Seth Greenland @ Huffington
One playwright who is speaking out on the "Rachel Corrie" issue is Seth Greenland, over at his Huffington Post blog. But speaking out... against the play. He seems to take issue with her politics, and counters by defending Israel's actions and questioning the canonization of her over martyrs on the other side.
Whatever. The most objectionable of his points to me is:
The spin: She was killed defending Palestinian homes.
The fact: The homes protected tunnels through which weapons were being smuggled to attack Israeli civilians.
Isn't this contested? Especially in the case of the specific home she was trying to protect?
Seth, do you have any evidence she was lying about that particular home?

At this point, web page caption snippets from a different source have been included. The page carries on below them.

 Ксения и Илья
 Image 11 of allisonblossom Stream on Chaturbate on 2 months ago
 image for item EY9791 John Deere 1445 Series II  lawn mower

(The full--unmoderated--comments on this at Huffington give the usual scary diversity of opinion on these matters.)
1 comment:
On Seth Greenfield's post--Yawn, Yawn, Yawn. There is no other place in the world, outside the U.S., where you can't have a reasonable debate about Israeli policy. In the U.S., you will find yourself caught in a whirlpool of over the top, sentimentalized, ignorant views of Israel and its supposed awful daily life, filled with terrorist bombings. What you're not allowed to witness and then say out loud in public is what daily life looks like from the ground up in places like Rafah.
I've spent a lot of time in both Israel and the Occupied Territories, and the difference in daily life is like night and day. Israel does suffer from terrorism but not on a daily basis. Most of the time life is like any first world country. Drive ten kilometers, and you are in a Third World country socio-economically. I've lived through missile attacks by the Israeli military. The weapons disparity between the two sides is one of the least understood aspects of what is not a war but a campaign aimed at keeping Palestinians imprisoned on what remains of their land and then making the world think that there's one embattled democracy against a vast irrational "entity" that must be punished for every act that one of "their's" commits.
Frankly, the entire discussion of Israel and the Palestinians in the U.S., except on the margins, is a great big bore and way behind what is discussed in Britain or Canada, even.